[Captioned web image data]
□ □ □
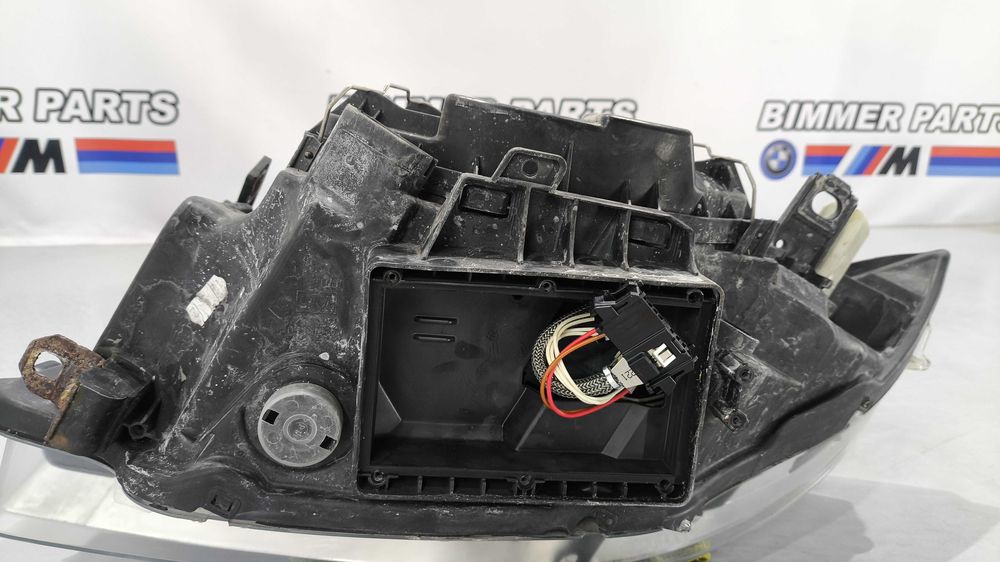 Farol BMW Serie 1 (E81/E82/E87/E88) Direito Xenon Pré-LCI Com Angel Eyes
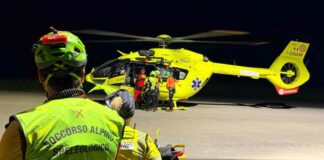 Tragedia a Forni di Sopra, escursionista disperso trovato morto sul Monte Lagna Operatori del Soccorso Alpino intervengono sul Monte Lagna per cercare un escursionista disperso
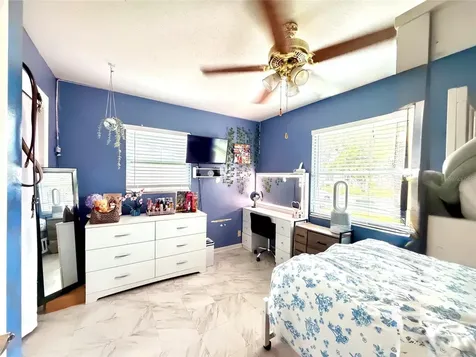 3306 W Burke Street Tampa FL 33614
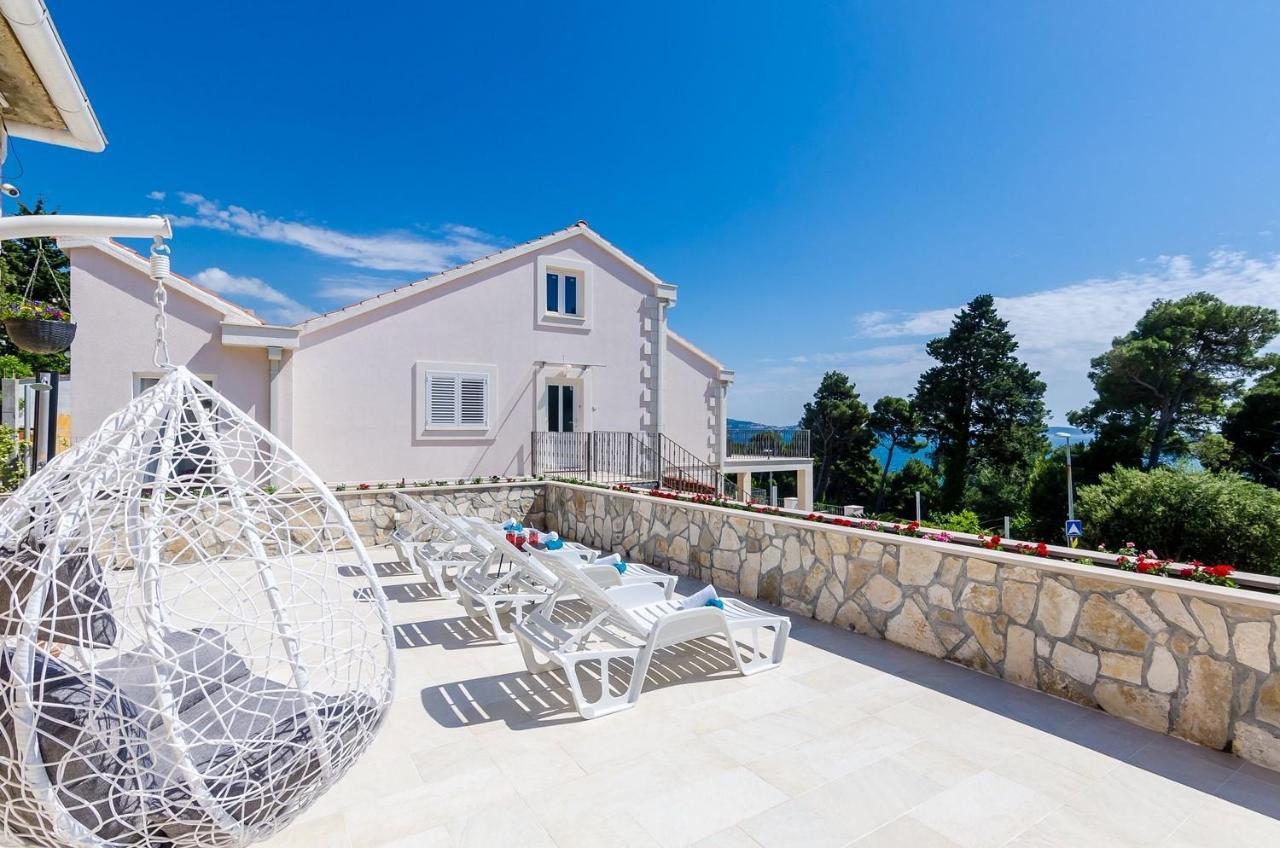 Holiday Home Lungo Mare มลินี ภายนอก รูปภาพ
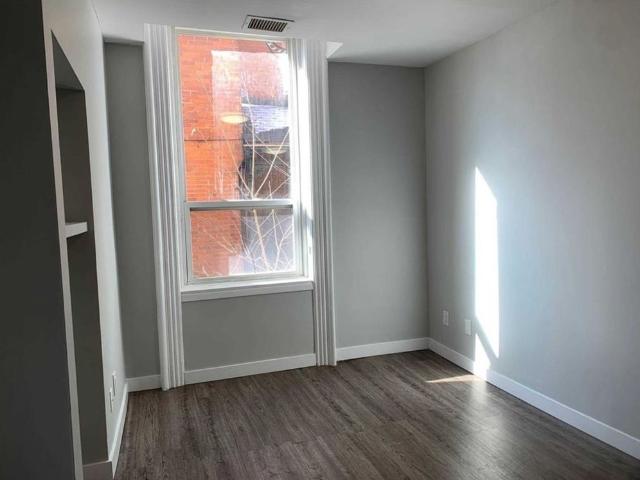 For Lease 205 Gerrard Street Unit# 3, Toronto, Ontario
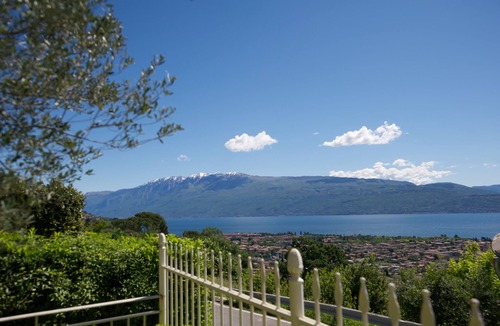 Toscolano Maderno Apartment | Residence Limoni del Rustichel: Apartment N.11 with lake view, underground parking and pool.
□ □ □
Activity.
Restate the data exactly, though only from the line that contains "3306 W Burke Street Tampa FL 33614" through its last line, both ends included and with the pictures left out.

Reply to the task.
 3306 W Burke Street Tampa FL 33614
 Holiday Home Lungo Mare มลินี ภายนอก รูปภาพ
 For Lease 205 Gerrard Street Unit# 3, Toronto, Ontario
 Toscolano Maderno Apartment | Residence Limoni del Rustichel: Apartment N.11 with lake view, underground parking and pool.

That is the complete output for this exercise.